The Perils of Collinearity and Endogeneity

Finally, we arrive at two of the most critical assumptions, those governing the relationship between our explanatory variables themselves, and between them and the unseen world of the error term.

First, OLS assumes our explanatory variables are not perfectly redundant. This is the no perfect multicollinearity assumption. In practice, the bigger problem is near-perfect multicollinearity. Imagine building a model in medicinal chemistry to predict a drug's effectiveness based on its molecular properties, or "descriptors". It's common for two descriptors, like a molecule's size and its weight, to be very highly correlated. If we include both in the model, OLS has a difficult time disentangling their individual effects. Is it the size or the weight that matters? Since they move together, the model can't tell. The result is that the coefficient estimates for both variables can become wildly unstable and have enormous standard errors, making them uninterpretable, even if the model as a whole has good predictive power.

The last, and arguably most treacherous, issue is endogeneity, which violates the zero-conditional mean assumption ( $E[u \mid X] = 0$ ). This assumption says that our explanatory variables must not be correlated with the unobserved error term. When they are, our OLS estimates become biased and inconsistent—they don't just become imprecise, they point in the wrong direction, even with infinite data. A classic cause is omitted variable bias, as we saw in the climate change example. If we omit solar cycles from a model of temperature vs. $\text{CO}_2$ , and solar cycles are correlated with $\text{CO}_2$ , then the effect of solar cycles gets absorbed into the error term, which is now correlated with our $\text{CO}_2$ variable.

An even more subtle example comes from finance. Suppose we are studying the impact of a public news announcement on a stock's price. But what if there is insider trading? Traders with private information will act before the public announcement, causing price movements that are not yet explained by the public news. These movements become part of the error term. But since both the insider trading and the eventual public news are driven by the same underlying information, our regressor (the news) is now correlated with the error term. OLS will give a biased account of the news's true impact, because it can't separate the effect of the public information from the preceding private information.

The Wisdom of a Modeler

This tour of the sciences might seem like a litany of depressing problems. But the message is one of empowerment. By understanding where and how the assumptions of our simple linear model can fail, we become better scientists. We learn to check our residuals, to think critically about where our data comes from, and to appreciate that sometimes, the right answer is that OLS is simply the wrong tool for the job. For count data like the number of patents a company files, the inherent nature of the data (non-negative integers, variance related to the mean) violates OLS assumptions so fundamentally that a different approach, like Poisson regression, is a much better starting point.

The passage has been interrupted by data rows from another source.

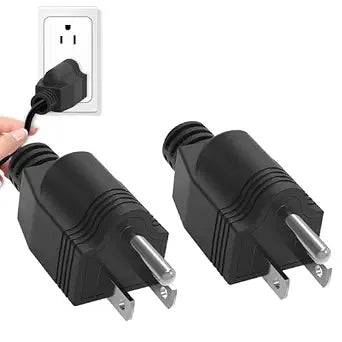 2 Pack Replacement Plug 3 Prong, 3 Prong Plug 15A 125V, Black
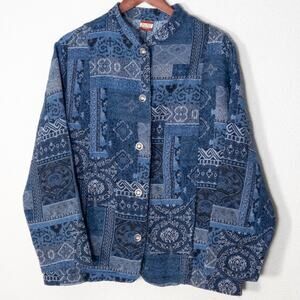 Tudor Court Quilted Denim Patchwork Jacket Blue Bandana Print L Cottagecore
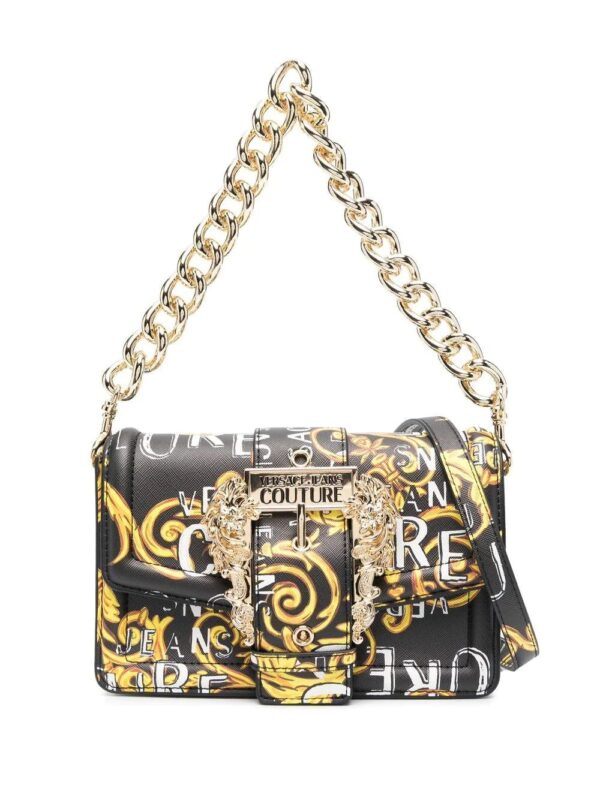Versace Jeans Couture  Baroque buckle printed shoulder bag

The art and science of modeling is not about finding the one "true" model, for such a thing rarely exists. It is about a conversation between our theories and the data, a conversation in which OLS is a powerful but demanding participant. It demands that we think deeply about the structure of our problem—about linearity, independence, variance, and causality. By honoring these demands, we move beyond just fitting lines and closer to genuine understanding.